The article below details the beginnings of US military training and force-building operations based in Jordan and directed against the regime of Bashar al Assad of Syria. To anyone who has followed the development of US military engagements from the mid 20th century up to the overthrow of the Ghaddaffi Regime in Libya the initial and essential role of the military “advisor” as precursor to larger troop and air power engagement is a familiar process. The article also mentions the preparations made for the use of French fighter aircraft in Syria as a possible means of going around the opposition of some US congress members to the direct overflight of US pilots in the planned attack on Syria.
By LOLITA C. BALDOR
Abridged by Rawlinsview
WASHINGTON (AP) — The Obama administration is considering a plan to use U.S. military trainers to help increase the capabilities of the Syrian rebels, in a move that would greatly expand the current CIA training being done quietly in Jordan, U.S. officials told The Associated Press on Thursday.
Any training would take place outside Syria, and one possible location would be Jordan.
The proposal to use the U.S. military to train the rebels – something the administration has resisted through more than two years of civil war – would answer the demands of some lawmakers, including Sen. John McCain, R-Ariz., to do more to train and equip the Syrian opposition. President Barack Obama in June decided to provide lethal aid to the rebels, but so far none of that assistance has gotten to the opposition.

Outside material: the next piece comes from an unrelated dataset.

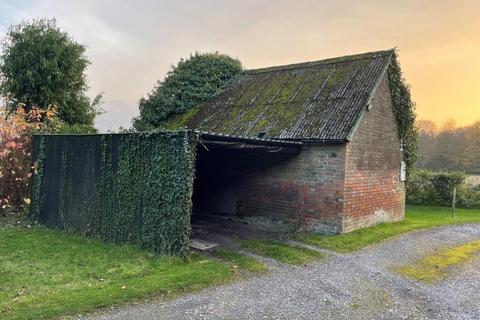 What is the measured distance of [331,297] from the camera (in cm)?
588

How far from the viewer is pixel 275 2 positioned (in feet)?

The CIA has been training select groups of rebels in Jordan on the use of communications equipment and some weapons provided by Gulf states. The new discussions center on whether the U.S. military should take over the mission so that hundreds or thousands can be trained, rather than just dozens.
The officials spoke on condition of anonymity because they were not authorized to discuss the plan publicly.

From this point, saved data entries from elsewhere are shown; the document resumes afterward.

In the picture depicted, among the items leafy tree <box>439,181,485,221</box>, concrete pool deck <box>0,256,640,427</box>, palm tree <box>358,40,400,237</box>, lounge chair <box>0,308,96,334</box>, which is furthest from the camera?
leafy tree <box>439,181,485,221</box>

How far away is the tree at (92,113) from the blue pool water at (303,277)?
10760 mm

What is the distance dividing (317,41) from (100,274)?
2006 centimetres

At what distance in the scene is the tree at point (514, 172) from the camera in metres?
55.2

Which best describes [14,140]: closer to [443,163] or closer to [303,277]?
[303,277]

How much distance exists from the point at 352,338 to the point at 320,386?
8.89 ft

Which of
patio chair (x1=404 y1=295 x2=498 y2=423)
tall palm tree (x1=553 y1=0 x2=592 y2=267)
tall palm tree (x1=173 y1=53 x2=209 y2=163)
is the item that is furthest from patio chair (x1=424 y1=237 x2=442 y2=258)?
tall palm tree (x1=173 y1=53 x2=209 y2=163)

The Pentagon already has at least 1,000 troops in Jordan, including trainers working with Jordanian forces. The U.S. left about a dozen fighter jets and a Patriot missile battery there after a recent training exercise.
Gen. Martin Dempsey, chairman of the Joint Chiefs of Staff, has told Congress that the U.S. military would be prepared to do more training for the Syria opposition if needed.

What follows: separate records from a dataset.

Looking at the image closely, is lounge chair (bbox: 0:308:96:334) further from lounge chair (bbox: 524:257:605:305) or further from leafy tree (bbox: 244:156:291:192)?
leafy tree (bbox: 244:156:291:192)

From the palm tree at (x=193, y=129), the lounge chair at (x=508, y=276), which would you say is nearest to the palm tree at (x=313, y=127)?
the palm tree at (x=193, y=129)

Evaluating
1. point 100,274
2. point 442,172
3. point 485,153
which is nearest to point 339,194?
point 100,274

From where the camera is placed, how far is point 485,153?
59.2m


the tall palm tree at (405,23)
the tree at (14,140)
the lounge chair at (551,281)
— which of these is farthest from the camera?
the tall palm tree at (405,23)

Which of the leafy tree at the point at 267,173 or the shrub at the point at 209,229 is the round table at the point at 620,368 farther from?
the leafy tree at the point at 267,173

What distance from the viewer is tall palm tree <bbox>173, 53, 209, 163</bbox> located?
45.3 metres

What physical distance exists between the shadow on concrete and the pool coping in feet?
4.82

He provided more details in a July letter to Sen. Carl Levin, D-Mich., the chairman of the Senate Armed Services, in which he laid out military options in response to the chemical weapons attack. That letter was sent before Obama announced plans to go to Congress to seek authorization for military strikes in Syria that would be limited in time and scope and would involve no U.S. troops on the ground there.
In hearings this week, some members of Congress complained that the Obama administration has not done enough for the rebels, while others strongly opposed any American military involvement in Syria. Lawmakers warned Dempsey and Defense Secretary Chuck Hagel that Americans are weary of war and are not willing to spend more money and risk more lives.
U.S. officials continue to say that any likely military action would be limited and bear no resemblance to the wars in Iraq and Afghanistan, or even the short military operation in Libya in 2010. Instead, it would center on cruise missiles fired from U.S. ships – including submarines – in the Mediterranean Sea.
France also has a dozen cruise missile-capable fighter aircraft at military bases in the United Arab Emirates and the Horn of Africa nation of Djibouti.